During his first three seasons as a member of the Ohio State Buckeyes, quarterback Braxton Miller ran the ball 557 times for 3,054 yards. Miller is one of the premier dual-threat quarterbacks in the nation, but he’s also suffered numerous injuries caused by his scrambling.
Miller emphasized better conditioning during the off season, and he expects those injuries to be far less problematic this fall.
Braxton Miller up to 221 pounds (from 212) but still feels faster. As for taking same pounding as last year? “That ain’t gonna happen.”
— Jeremy Fowler (@JFowlerCBS) July 28, 2014
The Buckeyes can also help Miller by relying less on him as the one of the team’s primary ball carriers. Unfortunately, they may not have that luxury.
Miller is the team’s leading returning rusher despite missing two games last season.
There is plenty of talent in the Buckeyes’ backfield with Ezekiel Elliot, Bri’onte Dunn, and Rod Smith, but it’s largely unproven. The Buckeyes desperately need one of these running backs to take over the role vacated by Carlos Hyde, who led the team with 1,521 rushing yards last season. This year’s backs don’t need to be as productive as Hyde was, but they have to take the pressure off of Miller to prevent the quarterback from becoming the team’s primary rushing threat.
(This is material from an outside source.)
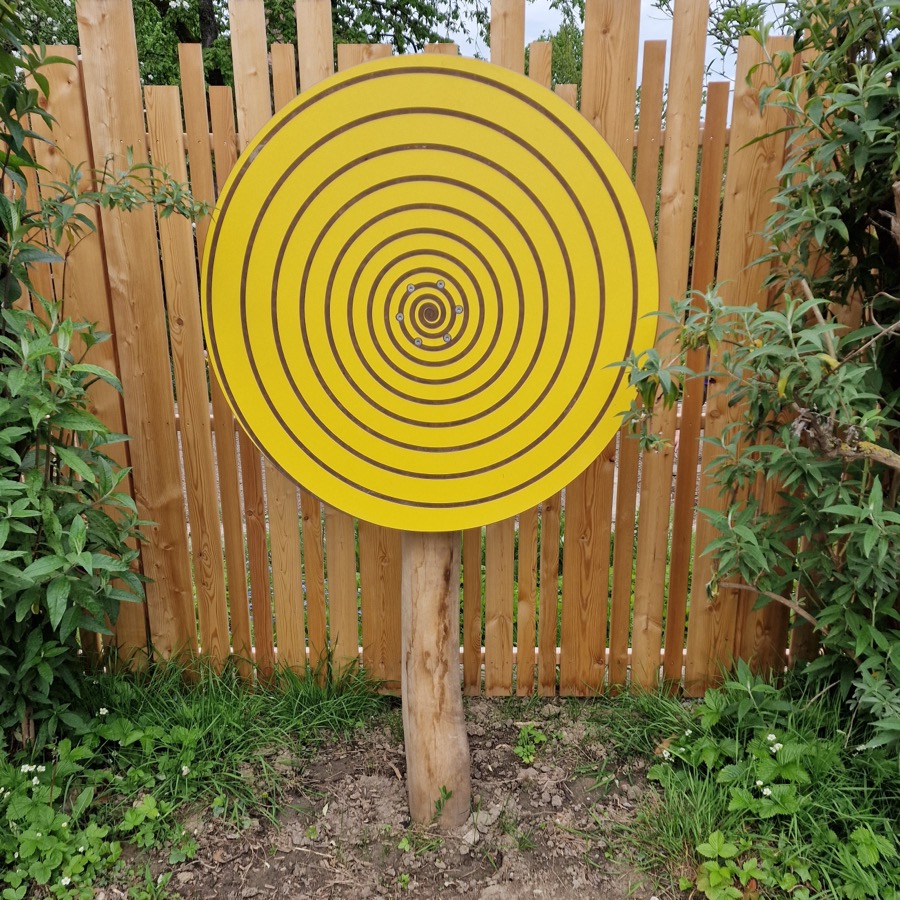 Drehspiel HPL Ø100cm, Spirale, mit 1 Pfosten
Miller may not get much of a reprieve even when he drops back to pass. Four starters along the offensive line graduated and are no longer on the roster. And Taylor Decker is switching from right tackle to left tackle. This unit is going to need time to gel.
Miller is now physically ready to take the pounding which comes during the Big Ten’s regular season, and he’s going to need it.